GitHub Repository: ethen8181/machine-learning
Path: blob/master/python/pandas/pandas.ipynb
²⁵⁸⁶ views

Kernel: Python 3

In [1]:

# code for loading the format for the notebook
import os

# path : store the current path to convert back to it later
path = os.getcwd()
os.chdir(os.path.join('..', '..', 'notebook_format'))
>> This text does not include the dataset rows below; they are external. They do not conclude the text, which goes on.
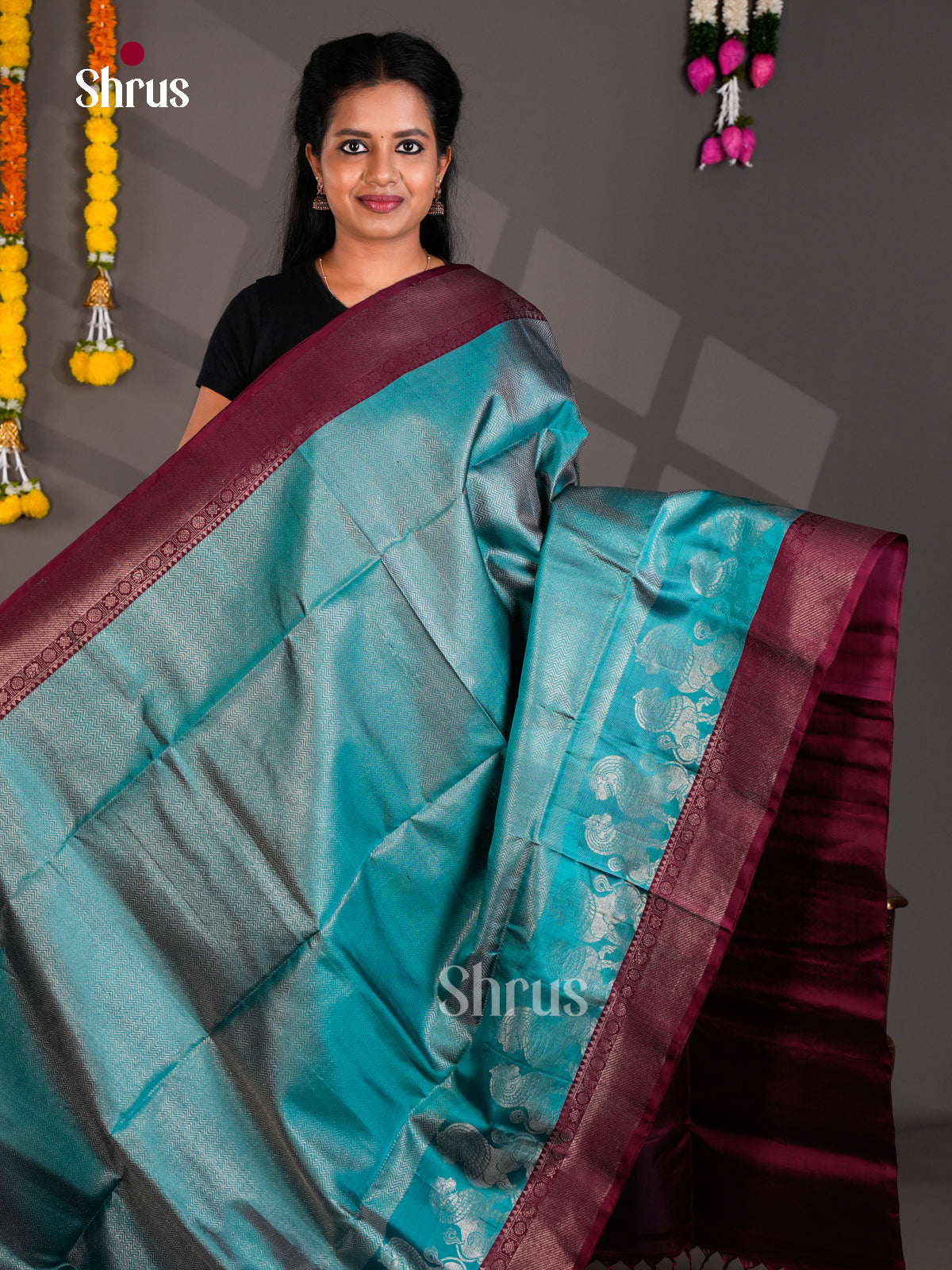 Buy Sheeny Teal Pure Soft Silk Saree With Intricately Woven Silver Wave Pattern, Wine Border & Pallu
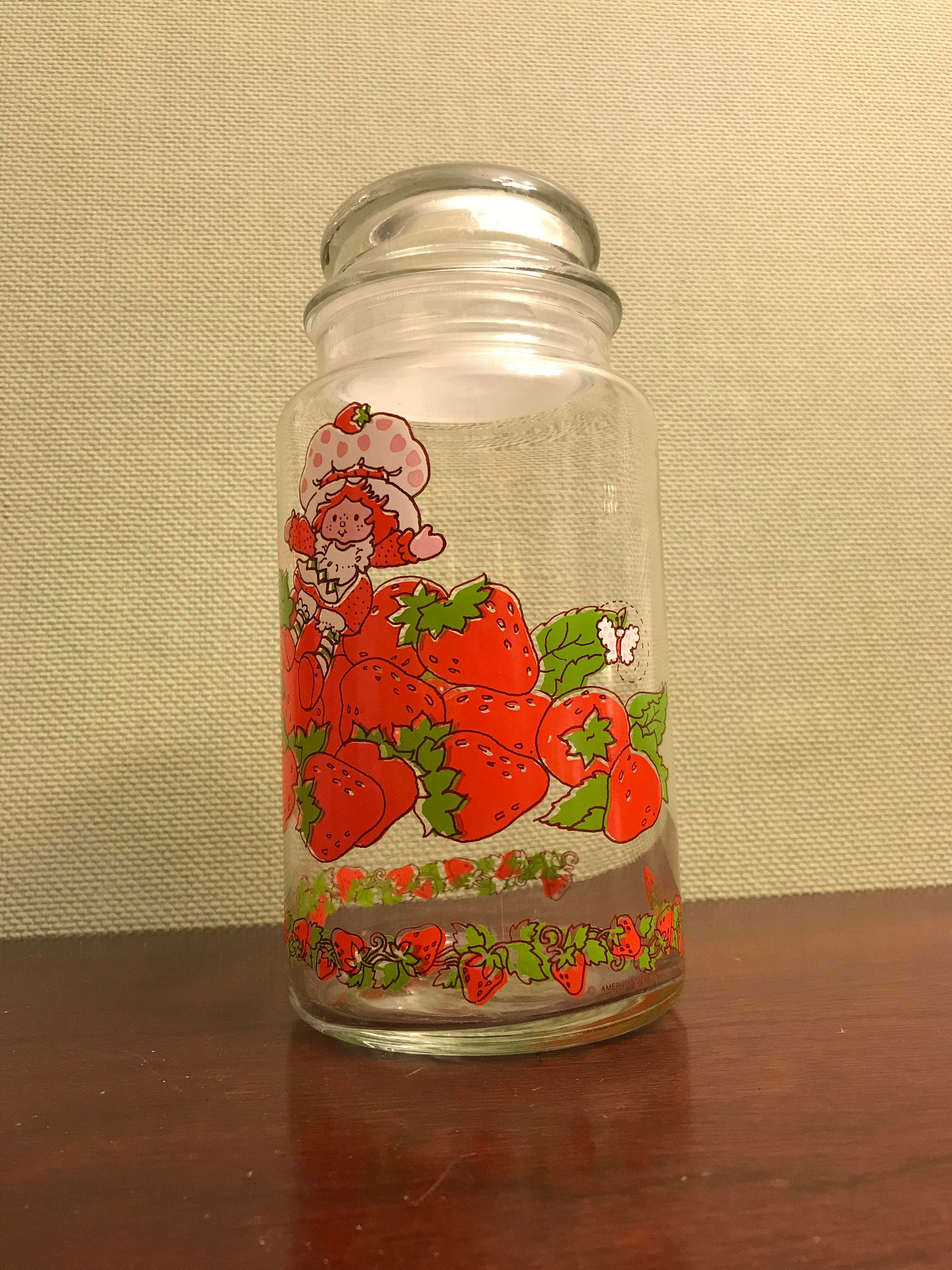 Strawberry Shortcake Large Glass Jar, Strawberry Shortcake Collectible
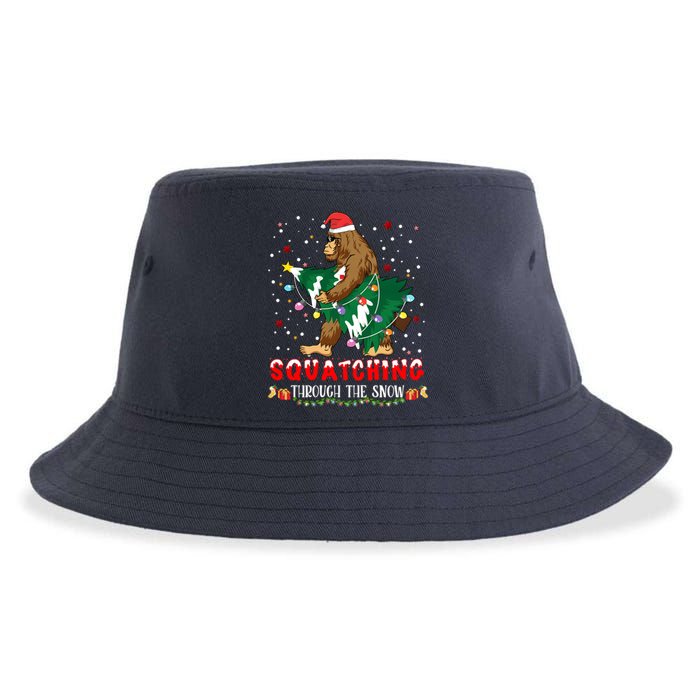 Sasquatch Christmas Squatching Bigfoot Santa Xmas Tree Light Sustainable Bucket Hat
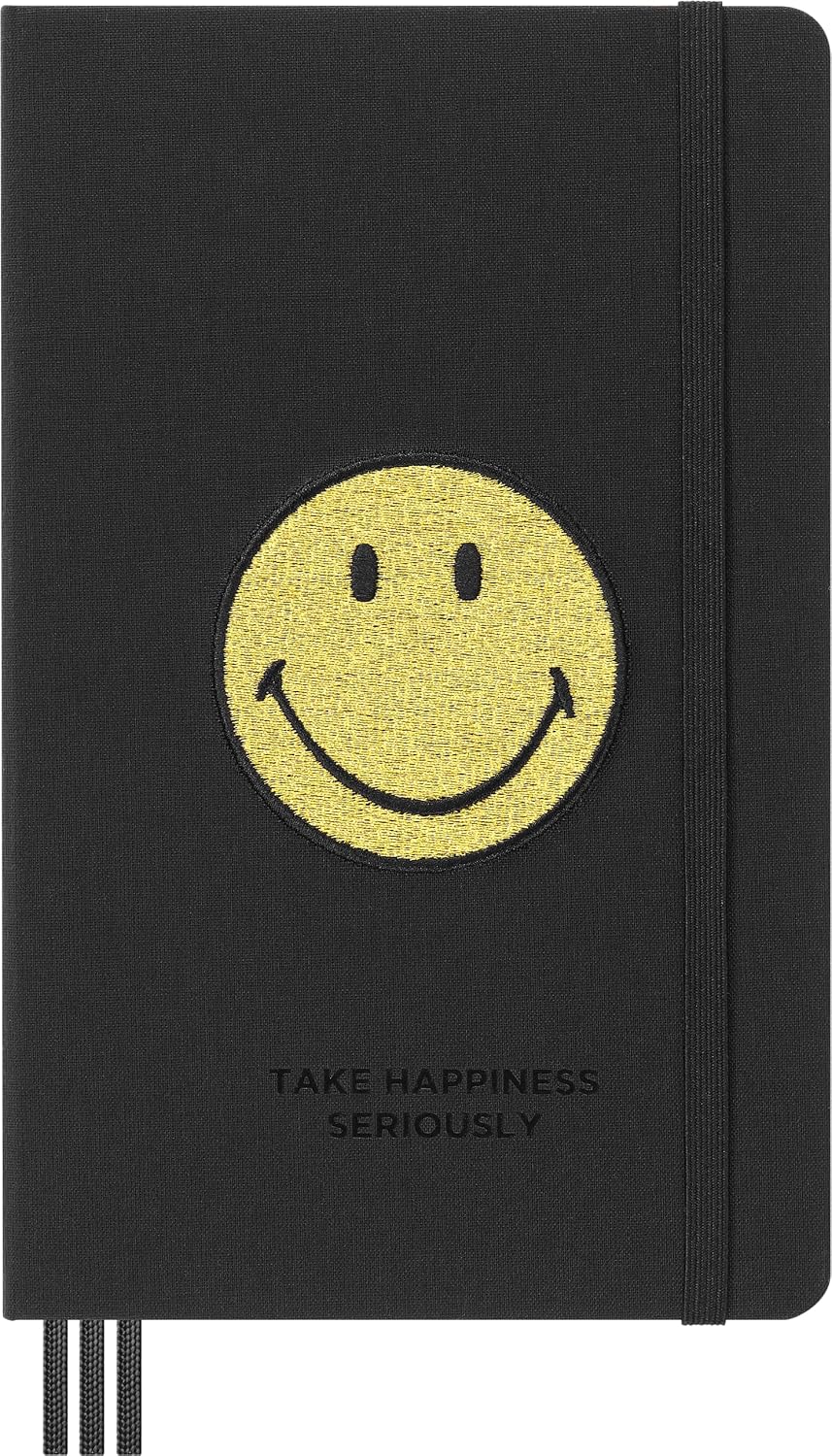 Moleskine Limited Edition Smiley Positivity Planner with Collector's Box, Hard Cover, Large (5" x 8.25"), Undated Planner, Black, 240 Pages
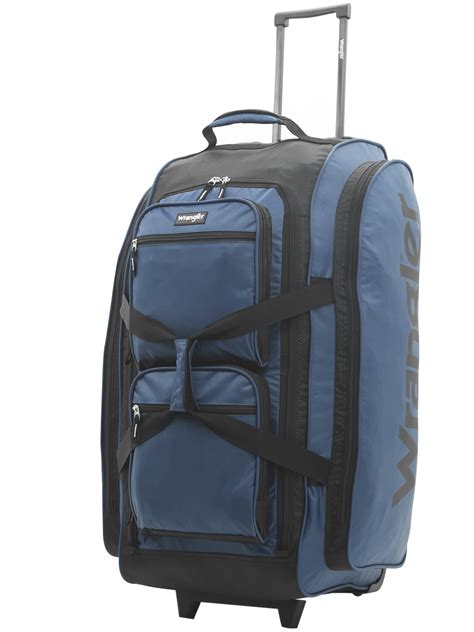 Wrangler 30" multi-pocket rolling duffel with telescopic handle, Navy ...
from formats import load_style
load_style(plot_style=False)

Out[1]:

In [2]:

os.chdir(path)

# 1. magic to print version
# 2. magic so that the notebook will reload external python modules
%load_ext watermark
%load_ext autoreload
%autoreload 2

import numpy as np
import pandas as pd

%watermark -a 'Ethen' -d -t -v -p numpy,pandas

Out[2]:

Ethen 2019-08-08 15:15:37 

CPython 3.6.4
IPython 7.7.0

numpy 1.17.0
pandas 0.25.0

Understanding Pandas Data Type

When working using pandas with small data (under 100 megabytes), performance is rarely a problem. When we move to larger data (100 megabytes to multiple gigabytes), performance issues can make run times much longer, and cause code to fail entirely due to insufficient memory. While tools like Spark can handle large data sets (100 gigabytes to multiple terabytes), taking full advantage of their capabilities usually requires more expensive hardware. And unlike pandas, they lack rich feature sets for high quality data cleaning, exploration, and analysis. For medium-sized data, we're better off trying to get more out of pandas, rather than switching to a different tool.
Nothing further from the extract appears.